**Activity**
The answer must be the complete listing, copied exactly.

**Data block**
= Beginning of Section =
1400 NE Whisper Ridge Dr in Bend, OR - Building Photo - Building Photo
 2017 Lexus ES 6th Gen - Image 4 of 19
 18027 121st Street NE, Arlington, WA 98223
= End of Section =
**Task result**
1400 NE Whisper Ridge Dr in Bend, OR - Building Photo - Building Photo
 2017 Lexus ES 6th Gen - Image 4 of 19
 18027 121st Street NE, Arlington, WA 98223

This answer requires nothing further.